無償の愛
「……わかりました……」
「ありがとうございます」そしてウィズは頭を下げる。しかしそこで終わるはずがなかった。ファルコ伯爵は納得してなかったのだ。「お前!本当に結婚する気なのか!?例え戦場では、英雄でも死ねば終わりなのだぞ!」怒り出したファルコ伯爵を見てアリエルは悲しそうな顔をする。
「大丈夫です。私は死にませんから」ウィズは笑顔で答えると、ファルコ伯爵はまたウィズを睨みつけてきた。「もしもの時は私が盾になってでもお守りしますわ!」アリエルが言ってくれたので、ウィズは思わず笑みが溢れてしまう。
「ふん!笑いやがって……そんなに死にたいなら勝手に死ね!!」ファルコ伯爵の言葉には何も言い返せなかった。ウィズは黙って俯く事しかできなかった。そのまま沈黙が流れる中、ドアが開きクレアとビオーネが入ってきた。「クレア様、ビオーネ様こちらへ……」ローレルがソファーへ座るように促した。二人も席に着くと、ファルコ伯爵はまた喋り始めた。「だいたいお前は!アリエルとは釣り合わんのだ!本当なら家すら継ぐ資格がなかった成り上がりだぞ!!」
「兄様!!無礼でしょ!」アリエルの言葉でファルコ伯爵は黙り込んだ。

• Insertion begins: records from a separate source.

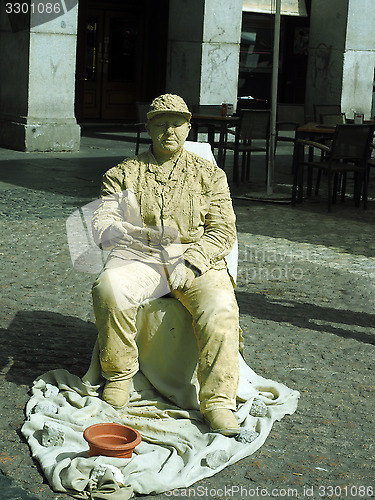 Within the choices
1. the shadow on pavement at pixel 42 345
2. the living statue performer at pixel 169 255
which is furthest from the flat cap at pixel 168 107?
the shadow on pavement at pixel 42 345

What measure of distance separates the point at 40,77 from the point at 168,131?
33.4ft

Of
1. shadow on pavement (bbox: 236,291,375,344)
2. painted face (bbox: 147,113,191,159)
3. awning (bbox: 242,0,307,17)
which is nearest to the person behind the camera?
painted face (bbox: 147,113,191,159)

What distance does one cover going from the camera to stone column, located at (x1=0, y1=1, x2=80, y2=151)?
1442cm

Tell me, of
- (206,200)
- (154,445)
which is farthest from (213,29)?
(154,445)

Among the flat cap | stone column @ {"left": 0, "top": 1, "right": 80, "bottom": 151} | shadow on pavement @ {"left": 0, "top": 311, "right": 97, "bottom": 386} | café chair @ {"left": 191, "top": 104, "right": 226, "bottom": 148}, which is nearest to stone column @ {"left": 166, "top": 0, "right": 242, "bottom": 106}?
stone column @ {"left": 0, "top": 1, "right": 80, "bottom": 151}

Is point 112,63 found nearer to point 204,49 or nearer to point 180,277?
point 204,49

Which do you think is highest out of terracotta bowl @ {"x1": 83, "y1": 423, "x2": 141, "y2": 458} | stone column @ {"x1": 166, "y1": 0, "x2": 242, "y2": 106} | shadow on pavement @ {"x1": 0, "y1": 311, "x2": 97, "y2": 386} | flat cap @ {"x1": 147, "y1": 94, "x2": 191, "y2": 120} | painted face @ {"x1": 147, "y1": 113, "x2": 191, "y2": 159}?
stone column @ {"x1": 166, "y1": 0, "x2": 242, "y2": 106}

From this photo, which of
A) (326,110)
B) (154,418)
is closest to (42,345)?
(154,418)

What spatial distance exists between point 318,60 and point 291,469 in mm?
15872

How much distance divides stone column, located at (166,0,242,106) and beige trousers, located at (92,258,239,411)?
12481mm

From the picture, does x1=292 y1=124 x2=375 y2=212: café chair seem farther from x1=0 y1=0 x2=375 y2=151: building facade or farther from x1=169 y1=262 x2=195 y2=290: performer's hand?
x1=169 y1=262 x2=195 y2=290: performer's hand

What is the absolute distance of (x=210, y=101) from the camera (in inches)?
668

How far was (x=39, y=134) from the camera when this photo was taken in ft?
48.1

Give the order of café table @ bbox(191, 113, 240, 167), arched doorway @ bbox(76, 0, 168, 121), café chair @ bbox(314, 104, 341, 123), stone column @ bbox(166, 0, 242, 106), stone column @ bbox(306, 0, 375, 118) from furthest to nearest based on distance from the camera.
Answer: arched doorway @ bbox(76, 0, 168, 121)
stone column @ bbox(306, 0, 375, 118)
stone column @ bbox(166, 0, 242, 106)
café chair @ bbox(314, 104, 341, 123)
café table @ bbox(191, 113, 240, 167) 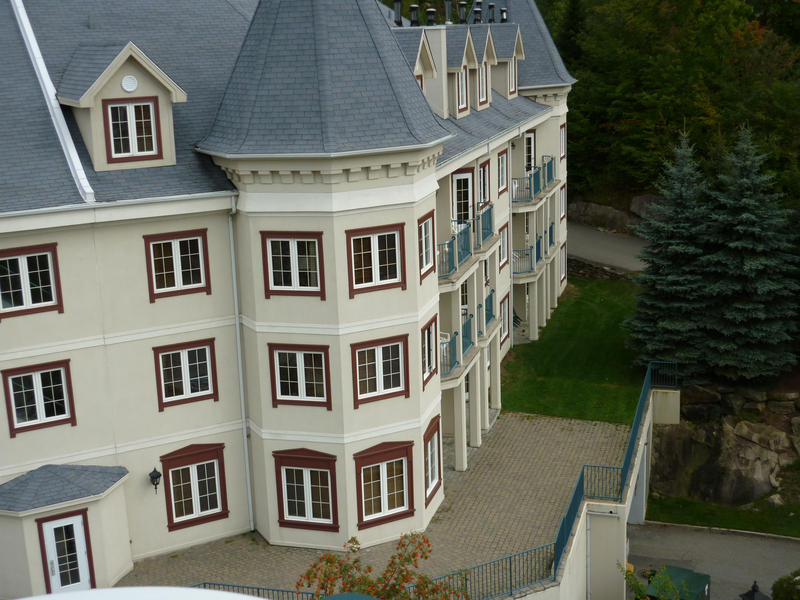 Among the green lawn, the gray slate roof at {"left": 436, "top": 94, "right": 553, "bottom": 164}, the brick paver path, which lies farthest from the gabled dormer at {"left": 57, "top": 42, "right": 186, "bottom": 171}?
the green lawn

しかし表情はさらに怒りに満ちていくのがわかったのでウィズは恐る恐る声をかけた。「ウィズは……自分の力で家も爵位も手に入れました……現ウィシュターニア公爵です。それを否定するのは誰も許しません……」
「私は許さんぞ!!姉君であるエミリア公女の威光があったからだ!」ファルコ伯爵が机を叩いて立ち上がったので、俺は止めようとしたが、その前にビオーネがファルコ伯爵の前に立った。
「おじさん怒っちゃダメ!」ビオーネが鋭い目つきで睨むと、ファルコ伯爵は気圧されたように少し後ずさりした。そして何か言おうとしていたが、結局何も言わずにまた席に座った。するとビオーネはアリエルに近づいて行った。
「お姉ちゃん……」「どうしたの?ビオーネ?」アリエルが心配そうに声をかけると、ビオーネは突然抱きついて泣き始めた。「おじさん……怒ってるの?」それを聞いたアリエルは、優しく微笑みながらビオーネの頭を撫でた。「泣かないでいいのよ」その言葉を聞いたビオーネはさらに泣いてしまう。そしてしばらく泣き続けていたのでウィズは話しかける事ができなかった。しばらくして落ち着いたのか、ようやく顔を上げてくれたので安心すると、今度はビオーネが口を開く。「おじさんは、お姉ちゃんが嫌いなの?」
「……嫌いではないさ……」ファルコ伯爵はぶっきらぼうに言い放った。「じゃあ好き?」それを聞いたファルコ伯爵は少し怒った口調で答える。「す、好きだとも!」それを聞いたビオーネは嬉しそうな表情を浮かべた。「じゃあ仲良くできるでしょ」
「……無理だ」ファルコ伯爵は苦虫を嚙み潰したような顔になり吐き捨てるように言った。それを聞いたビオーネは再び悲しそうな顔になるが、それでも気を取り直したように続けた。「おじさん……なんで嫌いなのに無理して仲良くするの?」
「……貴族とはそういうものなのだ……」ファルコ伯爵はどこか辛そうに答えた。それを聞いたビオーネはアリエルから離れて、今度はファルコ伯爵に抱きついた。「おじさん……お姉ちゃんが嫌いならそれでいいよ……でも……私はおじさんの事好きだよ!だっておじさんは優しいもん!!」そしてファルコ伯爵は戸惑っていたが、すぐにまた険しい表情に戻ってしまった。「ビオーネ……私はお前が羨ましいよ」ファルコ伯爵が絞り出すようにそう言ったので、ウィズは少し驚いてしまった。しかしファルコ伯爵はそのまま黙り込んでしまったので、結局何も言えないまま解散となった。
「今日はすまなかったな……」帰り道でファルコ伯爵がウィズに謝罪の言葉を述べた。ウィズはただ首を横に振って返事をした。そのまま無言で歩いていたのだが、しばらく経ってからようやく口を開いた。「その……なんだ……ウィシュターニア公いや、ウィズ……妹をアリエルを……」そして一度深呼吸をしてから口を開いた。「頼む……アリエルを幸せにしてやってくれ……」ウィズは驚いてしまった。まさかそんな事を言われるとは思わなかったからだ。でもその真剣な眼差しからは、嘘偽りのない思いを感じたので、ウィズは力強く返事をした。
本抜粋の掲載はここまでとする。